## What is needed
Your answer must be the exact lines from the one holding "Toyota Wish Model" through the last line of the records below, with no pictures.

## Record excerpts
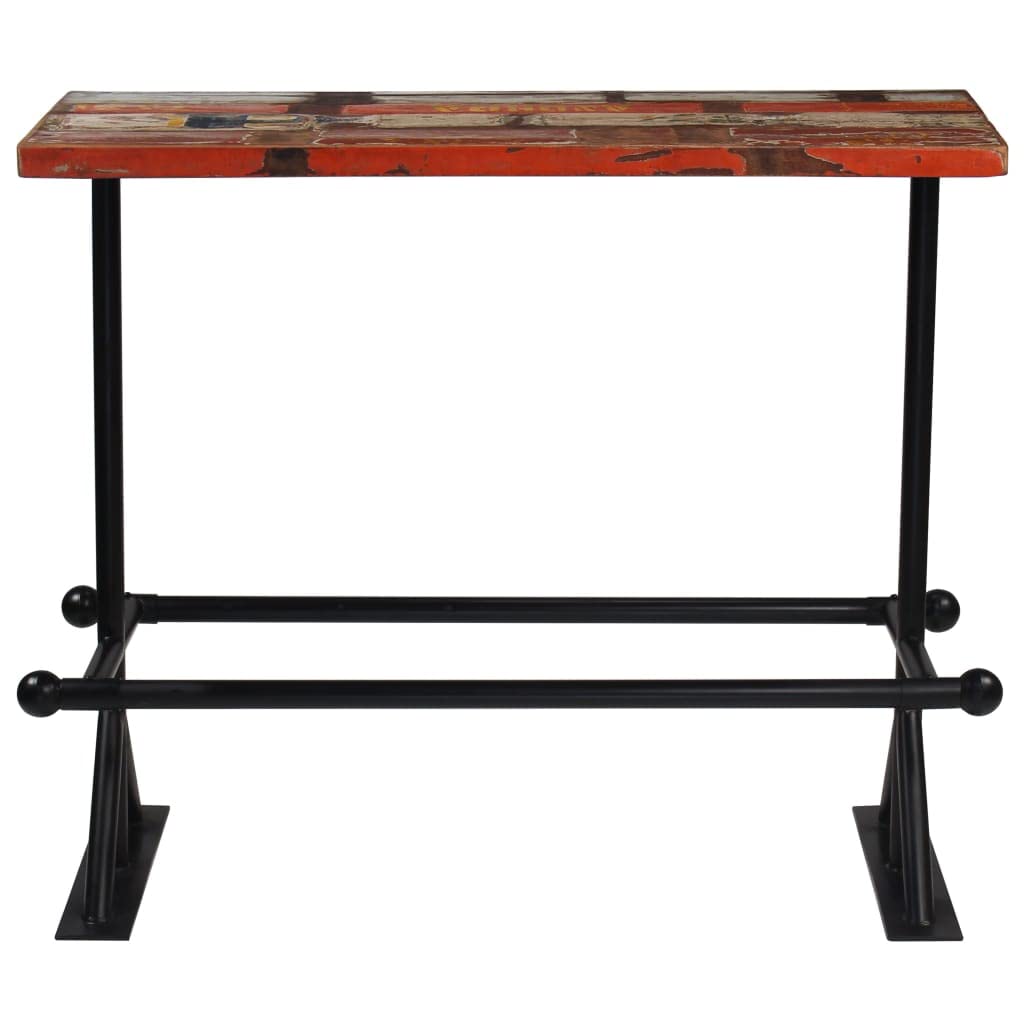 vidaXL Antique Industrial Bar Table - Thumbnail 2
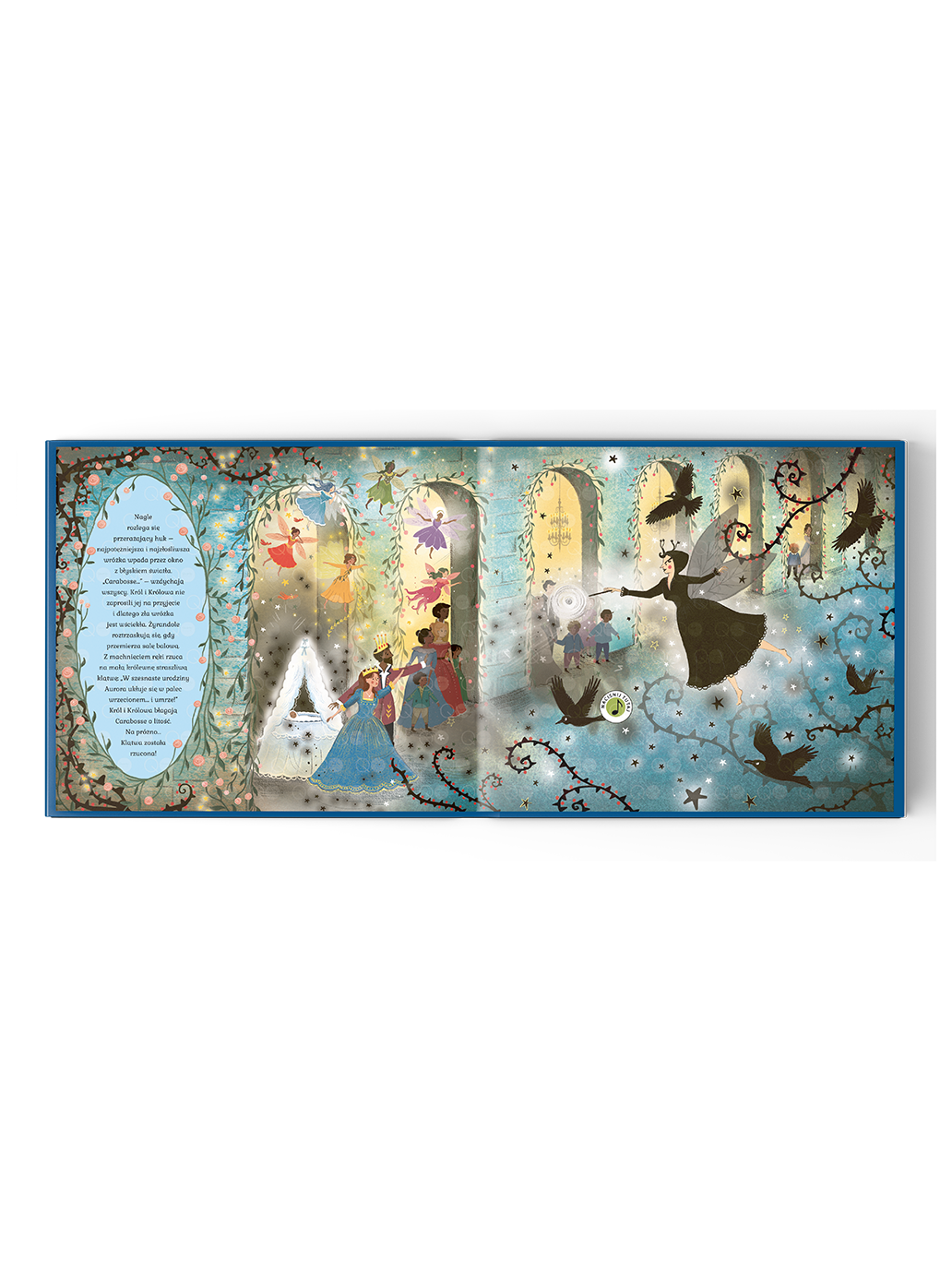Muzyczne Opowieści. Śpiąca Królewna Wydawnictwo api papi BÉBÉ Concept
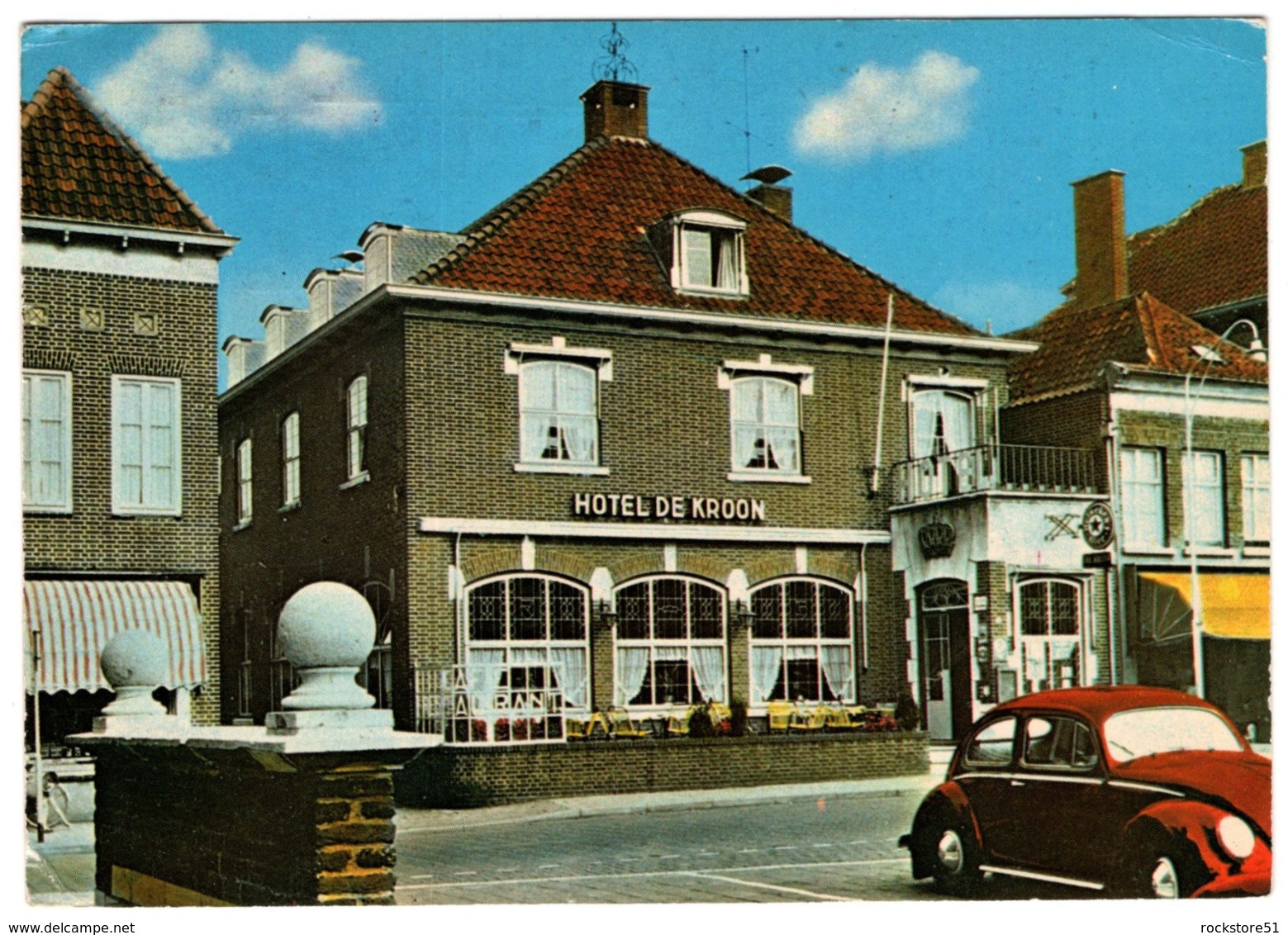 Gennep Hotel Café Restarant De Kroon - Gennep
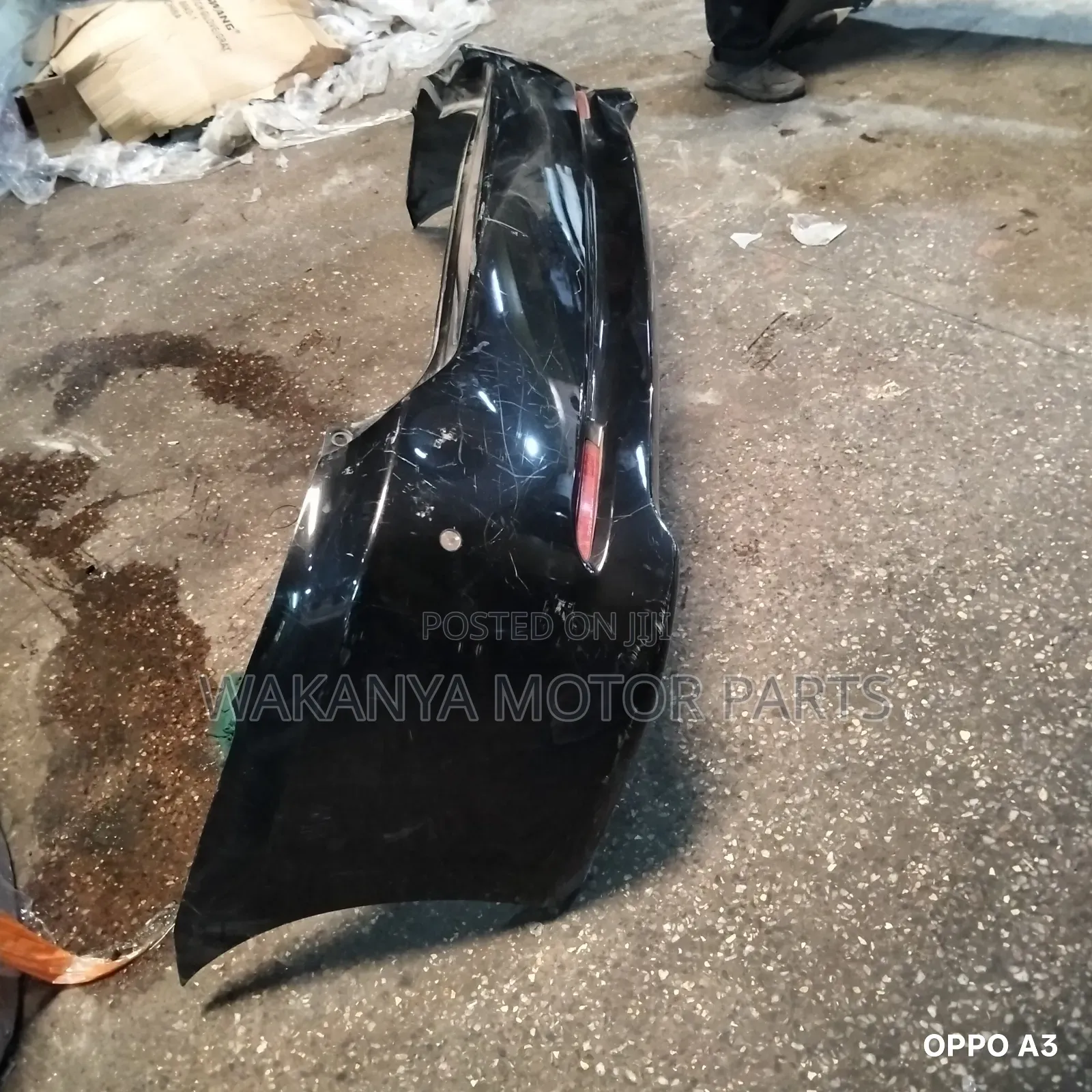 Toyota Wish Model 2005/2007 REAR BUMPER, Ex Japan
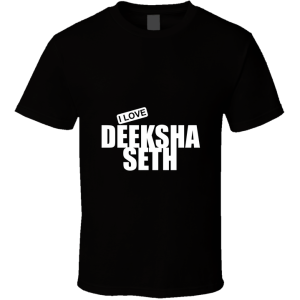 Deeksha Seth T Shirt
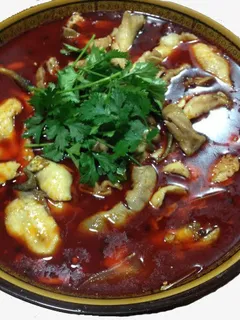 麻辣肥肠片片鱼免抠 麻辣肥肠片片鱼免抠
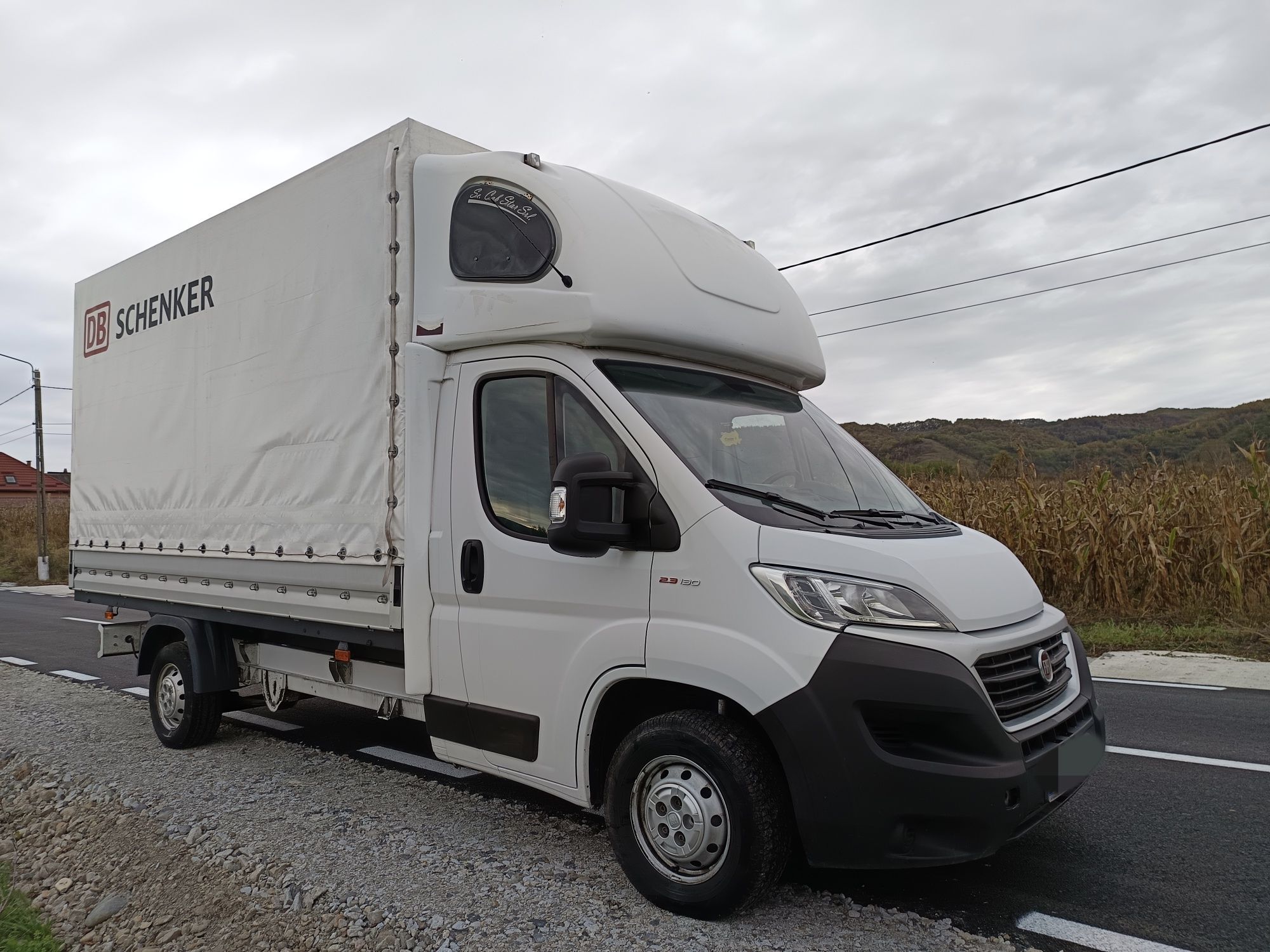 Vând sau schimb Fiat Ducato 2.3 Euro6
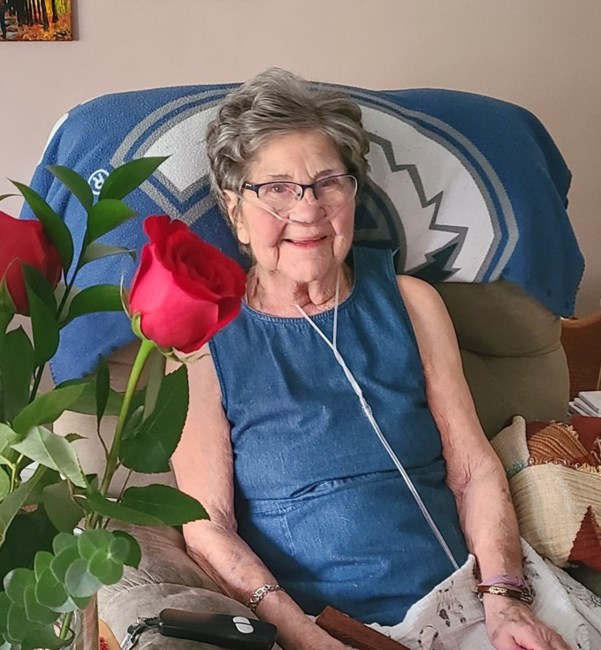 Obituary of Betty Eva Tillie Miller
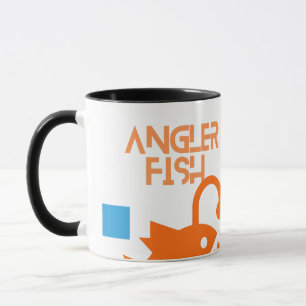 Taza con diseño de pez linterna - Regalo original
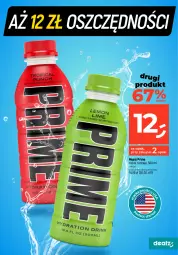 Gazetka promocyjna Dealz - MAKE A DEALZ - Gazetka - ważna od 07.02 do 07.02.2024 - strona 15 - produkty: Napój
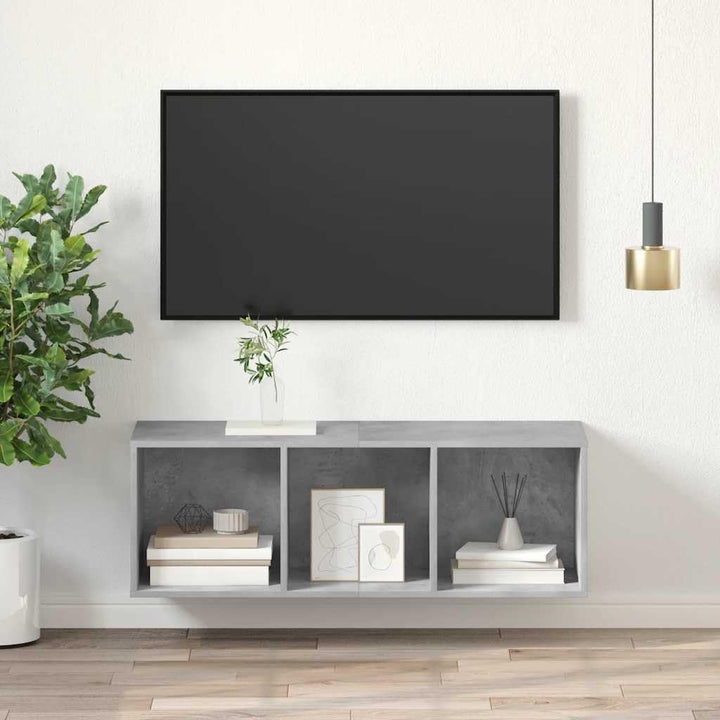 vidaXL TV Wandschrank Hängeschrank TV Möbel Schrank Fernsehtisch Fernsehschrank HiFi-Schrank mit 3 F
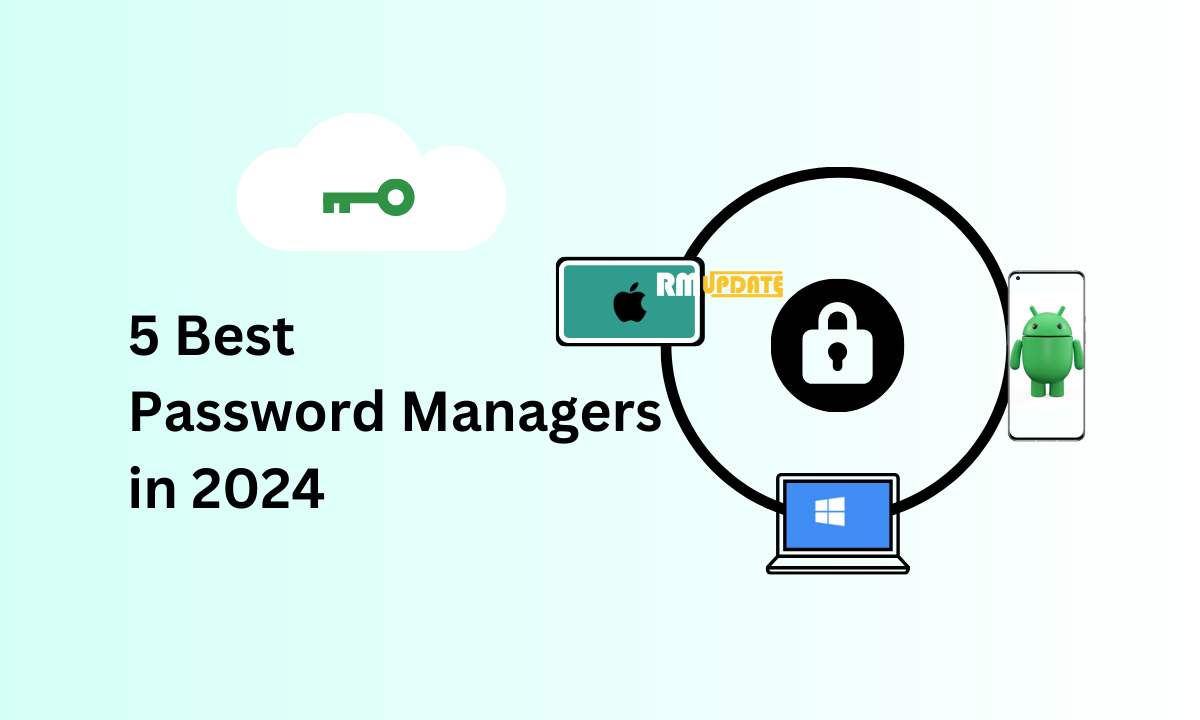 Top 5 Best Password Managers in 2024
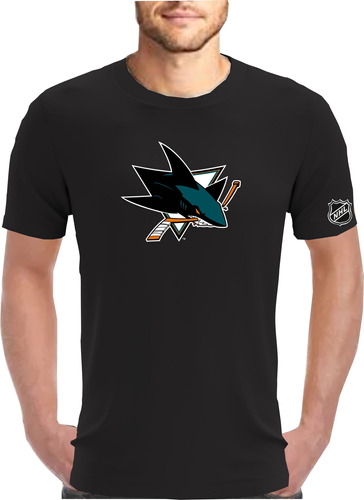 Playera Hockey San Jose Sharks Tiburones Deporte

## Solution to this task
 Toyota Wish Model 2005/2007 REAR BUMPER, Ex Japan
 Deeksha Seth T Shirt
 麻辣肥肠片片鱼免抠 麻辣肥肠片片鱼免抠
 Vând sau schimb Fiat Ducato 2.3 Euro6
 Obituary of Betty Eva Tillie Miller
 Taza con diseño de pez linterna - Regalo original
 Gazetka promocyjna Dealz - MAKE A DEALZ - Gazetka - ważna od 07.02 do 07.02.2024 - strona 15 - produkty: Napój
 vidaXL TV Wandschrank Hängeschrank TV Möbel Schrank Fernsehtisch Fernsehschrank HiFi-Schrank mit 3 F
 Top 5 Best Password Managers in 2024
 Playera Hockey San Jose Sharks Tiburones Deporte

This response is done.